DESCRIPTION OF THE TASK →
The lines from the one holding "skelly dr martens" to the end of the records below, exactly as written, are the only thing to return.

(Crawled caption data)
------------------------------------

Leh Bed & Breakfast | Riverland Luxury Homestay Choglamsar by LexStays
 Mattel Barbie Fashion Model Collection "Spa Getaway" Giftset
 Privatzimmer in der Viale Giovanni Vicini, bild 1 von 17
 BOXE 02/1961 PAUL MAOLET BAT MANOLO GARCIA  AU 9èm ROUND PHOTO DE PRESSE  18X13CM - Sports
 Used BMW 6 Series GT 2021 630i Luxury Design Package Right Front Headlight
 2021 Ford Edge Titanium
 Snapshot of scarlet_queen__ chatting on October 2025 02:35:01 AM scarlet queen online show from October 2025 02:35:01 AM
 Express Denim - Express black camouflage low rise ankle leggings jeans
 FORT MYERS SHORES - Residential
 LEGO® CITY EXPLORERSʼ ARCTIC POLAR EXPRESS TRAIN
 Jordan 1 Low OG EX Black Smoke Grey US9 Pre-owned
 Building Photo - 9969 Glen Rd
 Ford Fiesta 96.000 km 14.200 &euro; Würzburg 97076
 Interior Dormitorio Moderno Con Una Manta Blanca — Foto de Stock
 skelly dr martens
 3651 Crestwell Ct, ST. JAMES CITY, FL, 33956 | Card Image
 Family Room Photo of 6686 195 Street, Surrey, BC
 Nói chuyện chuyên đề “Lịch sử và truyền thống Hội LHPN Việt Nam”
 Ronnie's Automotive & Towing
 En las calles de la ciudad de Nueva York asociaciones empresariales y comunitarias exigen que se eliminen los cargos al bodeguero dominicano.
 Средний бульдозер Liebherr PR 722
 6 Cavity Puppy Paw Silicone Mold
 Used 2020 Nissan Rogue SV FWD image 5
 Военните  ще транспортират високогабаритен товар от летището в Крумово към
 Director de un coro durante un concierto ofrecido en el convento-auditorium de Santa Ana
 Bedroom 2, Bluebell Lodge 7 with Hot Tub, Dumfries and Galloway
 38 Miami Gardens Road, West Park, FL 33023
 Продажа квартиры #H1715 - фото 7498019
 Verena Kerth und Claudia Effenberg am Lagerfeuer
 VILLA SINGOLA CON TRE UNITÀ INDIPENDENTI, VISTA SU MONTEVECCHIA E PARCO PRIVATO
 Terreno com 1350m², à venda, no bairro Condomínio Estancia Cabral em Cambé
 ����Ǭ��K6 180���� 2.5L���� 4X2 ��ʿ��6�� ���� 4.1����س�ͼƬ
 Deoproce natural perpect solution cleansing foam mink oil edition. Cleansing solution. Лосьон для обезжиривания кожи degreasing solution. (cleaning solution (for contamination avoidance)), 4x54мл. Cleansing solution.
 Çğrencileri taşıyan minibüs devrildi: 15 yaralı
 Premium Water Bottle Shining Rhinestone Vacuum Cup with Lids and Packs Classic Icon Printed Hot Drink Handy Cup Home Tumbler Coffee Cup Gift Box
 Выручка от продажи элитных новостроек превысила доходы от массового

------------------------------------

EXERCISE ANSWER →
 skelly dr martens
 3651 Crestwell Ct, ST. JAMES CITY, FL, 33956 | Card Image
 Family Room Photo of 6686 195 Street, Surrey, BC
 Nói chuyện chuyên đề “Lịch sử và truyền thống Hội LHPN Việt Nam”
 Ronnie's Automotive & Towing
 En las calles de la ciudad de Nueva York asociaciones empresariales y comunitarias exigen que se eliminen los cargos al bodeguero dominicano.
 Средний бульдозер Liebherr PR 722
 6 Cavity Puppy Paw Silicone Mold
 Used 2020 Nissan Rogue SV FWD image 5
 Военните  ще транспортират високогабаритен товар от летището в Крумово към
 Director de un coro durante un concierto ofrecido en el convento-auditorium de Santa Ana
 Bedroom 2, Bluebell Lodge 7 with Hot Tub, Dumfries and Galloway
 38 Miami Gardens Road, West Park, FL 33023
 Продажа квартиры #H1715 - фото 7498019
 Verena Kerth und Claudia Effenberg am Lagerfeuer
 VILLA SINGOLA CON TRE UNITÀ INDIPENDENTI, VISTA SU MONTEVECCHIA E PARCO PRIVATO
 Terreno com 1350m², à venda, no bairro Condomínio Estancia Cabral em Cambé
 ����Ǭ��K6 180���� 2.5L���� 4X2 ��ʿ��6�� ���� 4.1����س�ͼƬ
 Deoproce natural perpect solution cleansing foam mink oil edition. Cleansing solution. Лосьон для обезжиривания кожи degreasing solution. (cleaning solution (for contamination avoidance)), 4x54мл. Cleansing solution.
 Çğrencileri taşıyan minibüs devrildi: 15 yaralı
 Premium Water Bottle Shining Rhinestone Vacuum Cup with Lids and Packs Classic Icon Printed Hot Drink Handy Cup Home Tumbler Coffee Cup Gift Box
 Выручка от продажи элитных новостроек превысила доходы от массового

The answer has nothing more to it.